Your editorial in ASBMB Today (December 2009) struck me as being a bit confused. Your denunciation of the British politician for not following the recommendation of a scientist to effectively reduce penalties on marijuana use shows a lack of understanding of the functions of the panel of experts and the politicians. The former are charged with giving their opinions on the best course their government should take, while the latter are charged with setting policy. Opinions, whether scientific or not, will probably be influenced by the biases, or call them the values, of the experts, and, like all scientific evidence, are inherently incomplete. Policies reflect many things, values (social, religious, economic, etc.) above all, but also fears as to the results of following the panel’s recommendations. Politicians are, after all, elected to set policies and to be held responsible for their consequences. If the consequences are bad, no one will remember the panels or who was on them, only the politician(s).

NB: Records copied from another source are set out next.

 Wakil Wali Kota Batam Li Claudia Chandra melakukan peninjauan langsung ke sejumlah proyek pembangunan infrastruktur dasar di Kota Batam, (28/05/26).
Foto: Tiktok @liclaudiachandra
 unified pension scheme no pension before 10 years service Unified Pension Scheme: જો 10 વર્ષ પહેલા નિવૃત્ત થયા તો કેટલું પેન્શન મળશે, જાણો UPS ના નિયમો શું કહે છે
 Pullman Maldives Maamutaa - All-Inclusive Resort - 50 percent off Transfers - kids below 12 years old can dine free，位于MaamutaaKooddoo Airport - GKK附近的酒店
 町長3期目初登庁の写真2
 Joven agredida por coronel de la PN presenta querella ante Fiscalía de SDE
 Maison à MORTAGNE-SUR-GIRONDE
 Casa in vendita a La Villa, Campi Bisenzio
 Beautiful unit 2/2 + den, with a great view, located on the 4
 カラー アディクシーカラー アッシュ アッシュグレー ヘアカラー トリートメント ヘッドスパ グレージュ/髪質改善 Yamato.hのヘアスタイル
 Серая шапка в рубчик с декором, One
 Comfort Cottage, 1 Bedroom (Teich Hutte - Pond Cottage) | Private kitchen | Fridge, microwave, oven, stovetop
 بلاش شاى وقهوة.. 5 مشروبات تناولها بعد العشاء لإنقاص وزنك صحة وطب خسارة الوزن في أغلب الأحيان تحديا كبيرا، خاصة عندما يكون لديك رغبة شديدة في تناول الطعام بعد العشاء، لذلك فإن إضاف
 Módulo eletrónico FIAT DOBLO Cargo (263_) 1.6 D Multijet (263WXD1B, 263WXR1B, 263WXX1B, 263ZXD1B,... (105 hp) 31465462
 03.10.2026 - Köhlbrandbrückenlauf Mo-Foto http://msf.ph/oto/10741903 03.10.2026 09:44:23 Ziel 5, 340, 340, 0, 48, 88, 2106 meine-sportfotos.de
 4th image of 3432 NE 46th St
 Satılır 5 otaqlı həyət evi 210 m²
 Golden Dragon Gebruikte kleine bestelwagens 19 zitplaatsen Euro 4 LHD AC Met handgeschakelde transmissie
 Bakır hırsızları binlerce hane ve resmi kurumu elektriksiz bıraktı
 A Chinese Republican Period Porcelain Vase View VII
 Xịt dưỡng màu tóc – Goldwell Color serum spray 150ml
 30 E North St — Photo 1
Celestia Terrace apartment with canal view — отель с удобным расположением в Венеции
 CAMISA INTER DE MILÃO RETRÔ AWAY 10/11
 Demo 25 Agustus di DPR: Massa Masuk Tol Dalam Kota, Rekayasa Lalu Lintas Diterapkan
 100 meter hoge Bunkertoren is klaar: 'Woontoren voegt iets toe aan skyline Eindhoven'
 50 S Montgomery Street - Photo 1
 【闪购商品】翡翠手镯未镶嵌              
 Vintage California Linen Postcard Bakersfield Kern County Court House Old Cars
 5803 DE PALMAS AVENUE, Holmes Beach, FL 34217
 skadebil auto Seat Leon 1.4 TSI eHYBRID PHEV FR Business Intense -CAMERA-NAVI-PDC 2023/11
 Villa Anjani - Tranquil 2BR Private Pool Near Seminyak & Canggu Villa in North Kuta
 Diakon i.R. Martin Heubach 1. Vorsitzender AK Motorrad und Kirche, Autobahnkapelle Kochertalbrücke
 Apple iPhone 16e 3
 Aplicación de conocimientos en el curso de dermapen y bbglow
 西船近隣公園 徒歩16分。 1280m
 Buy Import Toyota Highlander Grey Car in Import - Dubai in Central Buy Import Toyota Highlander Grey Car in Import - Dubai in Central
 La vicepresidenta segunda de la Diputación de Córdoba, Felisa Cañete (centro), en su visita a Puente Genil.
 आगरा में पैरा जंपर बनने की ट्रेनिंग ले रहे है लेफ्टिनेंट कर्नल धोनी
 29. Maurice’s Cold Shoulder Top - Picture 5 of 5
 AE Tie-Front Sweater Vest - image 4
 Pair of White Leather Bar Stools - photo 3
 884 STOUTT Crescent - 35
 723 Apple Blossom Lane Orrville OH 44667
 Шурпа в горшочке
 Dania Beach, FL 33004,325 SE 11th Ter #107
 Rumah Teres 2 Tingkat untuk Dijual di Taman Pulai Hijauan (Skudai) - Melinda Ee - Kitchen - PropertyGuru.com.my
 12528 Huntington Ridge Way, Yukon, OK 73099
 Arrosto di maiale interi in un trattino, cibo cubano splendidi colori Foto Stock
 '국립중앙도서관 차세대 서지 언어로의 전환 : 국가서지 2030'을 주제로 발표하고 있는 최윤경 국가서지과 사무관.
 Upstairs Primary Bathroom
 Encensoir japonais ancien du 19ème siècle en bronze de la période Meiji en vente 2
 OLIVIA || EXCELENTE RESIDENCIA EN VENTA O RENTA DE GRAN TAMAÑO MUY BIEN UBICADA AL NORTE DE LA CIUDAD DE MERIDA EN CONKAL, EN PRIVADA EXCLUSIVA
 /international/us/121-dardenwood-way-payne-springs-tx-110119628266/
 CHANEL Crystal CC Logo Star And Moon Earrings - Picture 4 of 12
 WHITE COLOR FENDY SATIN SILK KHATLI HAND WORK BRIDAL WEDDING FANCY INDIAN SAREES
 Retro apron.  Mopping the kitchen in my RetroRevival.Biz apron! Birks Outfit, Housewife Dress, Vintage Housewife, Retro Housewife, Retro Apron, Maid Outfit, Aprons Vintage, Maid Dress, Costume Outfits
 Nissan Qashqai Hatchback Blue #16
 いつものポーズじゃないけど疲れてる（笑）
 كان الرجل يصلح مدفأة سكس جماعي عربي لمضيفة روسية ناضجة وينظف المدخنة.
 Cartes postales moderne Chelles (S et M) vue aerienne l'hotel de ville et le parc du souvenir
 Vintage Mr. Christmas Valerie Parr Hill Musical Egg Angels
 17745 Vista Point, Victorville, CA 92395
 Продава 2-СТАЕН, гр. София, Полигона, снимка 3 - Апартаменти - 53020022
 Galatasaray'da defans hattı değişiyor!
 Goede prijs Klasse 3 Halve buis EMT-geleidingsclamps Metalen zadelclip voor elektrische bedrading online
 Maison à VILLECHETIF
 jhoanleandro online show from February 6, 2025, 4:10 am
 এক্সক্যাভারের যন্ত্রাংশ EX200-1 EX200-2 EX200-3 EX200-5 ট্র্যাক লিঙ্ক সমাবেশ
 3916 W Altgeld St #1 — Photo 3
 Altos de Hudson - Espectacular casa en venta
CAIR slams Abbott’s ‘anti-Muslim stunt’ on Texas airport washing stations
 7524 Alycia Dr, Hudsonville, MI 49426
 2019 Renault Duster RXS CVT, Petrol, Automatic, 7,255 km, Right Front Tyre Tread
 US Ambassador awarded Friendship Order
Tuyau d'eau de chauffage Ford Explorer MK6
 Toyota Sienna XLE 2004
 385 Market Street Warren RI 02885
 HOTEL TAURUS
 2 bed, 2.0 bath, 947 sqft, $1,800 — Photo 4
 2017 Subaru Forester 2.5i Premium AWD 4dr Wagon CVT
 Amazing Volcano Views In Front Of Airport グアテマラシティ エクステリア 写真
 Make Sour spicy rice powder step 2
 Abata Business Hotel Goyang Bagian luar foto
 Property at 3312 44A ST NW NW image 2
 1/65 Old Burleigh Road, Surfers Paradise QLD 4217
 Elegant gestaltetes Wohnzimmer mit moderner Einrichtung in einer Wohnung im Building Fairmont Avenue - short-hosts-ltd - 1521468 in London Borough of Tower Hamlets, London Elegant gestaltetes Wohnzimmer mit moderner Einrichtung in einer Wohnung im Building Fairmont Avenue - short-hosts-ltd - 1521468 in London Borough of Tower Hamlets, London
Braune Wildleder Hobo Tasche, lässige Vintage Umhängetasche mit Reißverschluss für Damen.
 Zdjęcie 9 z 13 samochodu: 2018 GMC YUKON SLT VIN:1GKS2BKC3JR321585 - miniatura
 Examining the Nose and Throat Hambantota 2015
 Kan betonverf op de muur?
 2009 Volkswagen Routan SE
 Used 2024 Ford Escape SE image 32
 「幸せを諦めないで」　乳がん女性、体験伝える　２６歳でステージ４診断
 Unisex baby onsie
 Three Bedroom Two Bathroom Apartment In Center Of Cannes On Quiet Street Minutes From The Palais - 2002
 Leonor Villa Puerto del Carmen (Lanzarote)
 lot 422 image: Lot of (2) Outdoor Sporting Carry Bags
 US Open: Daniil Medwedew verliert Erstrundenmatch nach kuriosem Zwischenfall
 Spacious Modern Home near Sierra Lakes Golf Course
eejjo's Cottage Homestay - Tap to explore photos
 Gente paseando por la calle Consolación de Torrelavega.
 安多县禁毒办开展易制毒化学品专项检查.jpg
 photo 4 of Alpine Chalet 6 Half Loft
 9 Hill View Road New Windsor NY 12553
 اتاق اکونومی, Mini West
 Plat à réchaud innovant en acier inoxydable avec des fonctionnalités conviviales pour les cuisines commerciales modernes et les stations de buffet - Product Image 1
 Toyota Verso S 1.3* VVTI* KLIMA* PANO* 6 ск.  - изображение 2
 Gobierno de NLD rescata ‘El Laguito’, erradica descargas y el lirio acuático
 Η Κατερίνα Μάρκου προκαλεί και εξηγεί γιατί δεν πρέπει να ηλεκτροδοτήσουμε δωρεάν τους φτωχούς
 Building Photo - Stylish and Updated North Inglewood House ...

I think you are right, however, that legalization (“decriminalization”) of pot is indeed a flashpoint dividing liberals from conservatives. Liberals tend to stress all the good things they believe will ensue from some proposed change, while conservatives tend to think of all the bad things that might result. As a card-carrying conservative myself (the deuce or trey of clubs, probably), I tend to stress the latter.
To me, there are too many questions involving effects of higher dosages of active ingredient, especially upon the young, and control over suppliers to feel assured of the overall benefits of such a course. Then too, there is a generally ignored question of the social irresponsibility of illegal drug users. Not all changes, however passionately advocated, merit support.